Uneven Futures Footing
Beyond the coming cold, Saal said traders took note of the lighter production levels during the past week. Some concluded that producers had begun to scale back amid futures prices that are half the level of late 2022, he said.
Others, however, think the return of liquefied natural gas demand from the Freeport facility in Texas skewed production estimates. The export facility is building back to full operations after a fire forced it out of commission last year. Feed gas volumes at the plant recently climbed by 1 Bcf/d as crews gradually work up to 2.38 Bcf/d capacity.

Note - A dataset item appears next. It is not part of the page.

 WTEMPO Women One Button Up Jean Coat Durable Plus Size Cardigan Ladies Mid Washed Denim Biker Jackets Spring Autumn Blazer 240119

East Daley analysts said gas is being redirected south on Texas intrastate pipelines to Freeport LNG rather than flowing east to Louisiana. The change to intrastate systems impacts data because volumes transported within Texas do not appear in daily pipe scrapes, creating the illusion of lower supplies.
The opposing views on production contained the impact of lighter output estimates on futures during the week and, aside from weather, left markets to focus on storage surpluses that increased with the latest government inventory data. Weather was mild over most of January and February – and the start of March – leaving little need for stout storage pulls in 2023.
The U.S. Energy Information Administration (EIA) on Thursday reported a withdrawal of 58 Bcf for the week ended March 10. The five-year average for the period was a pull of 77 Bcf, and a year earlier, EIA posted an 86 Bcf draw.
Inventories stood at 1,972 Bcf, well above both the year-earlier level of 1,451 Bcf and the five-year average of 1,594 Bcf.
Chilly conditions over the past week – and expectations for more ahead – could trim those surpluses, Saal said. “We’ve got plenty of supply right now, so a little balance here at the end of winter could help” prices, he said.
Early withdrawal estimates submitted to Reuters for the week ended March 17 averaged 80 Bcf. That compares with a pull of 55 Bcf a year earlier and a five-year average decline of 45 Bcf.
Still, with spring around the corner, analysts said any boost to prices could prove short-lived.
“While the weather forecast continues to grind higher and the storage surplus may soon peak, the most pressing near-term challenge for natural gas bulls may still be defending technical support and averting the risks of another leg lower as near-term cold…ebbs into the end of March and early April,” said EBW Analytics Group’s Eli Rubin, senior analyst.
Friday Cash Prices
Spot natural gas prices on Friday for weekend through Monday delivery fell in the West and climbed in the East, as wintry weather pushed from the nation’s midsection toward New England and the Mid-Atlantic.
NGI’s Spot Gas National Avg. slid 3.5 cents on the day to $2.550.
Wood Mackenzie analyst Kevin Ong said the near-term cold shots could also interrupt production and affect gas flows in the Northeast. He said several pipelines issued operational flow orders ahead of the weekend, including Columbia Gas Transmission and Algonquin Gas Transmission.
Columbia Gas on Friday ticked up 4.0 cents day/day to average $2.210, while Algonquin Citygate jumped 85.0 cents to $3.200.
Elsewhere in the East, Cove Point climbed 32.0 cents to $2.700.
Out West, however, prices in the Rockies dropped. Opal lost 22.5 cents to $4.110 and Northwest Sumas fell 48.5 cents to $2.015.
NatGasWeather said that, over the weekend and early in the coming trading week, “a frosty upstream weather system over the western and central U.S. will sweep across” the country, ushering in freezing air “for a return to strong national demand.”
A milder break could emerge over the southern and eastern United States late in the week ahead. However, another bout of seasonally cold conditions is expected in the final week of March before retreating during the last couple days of the month, NatGasWeather said.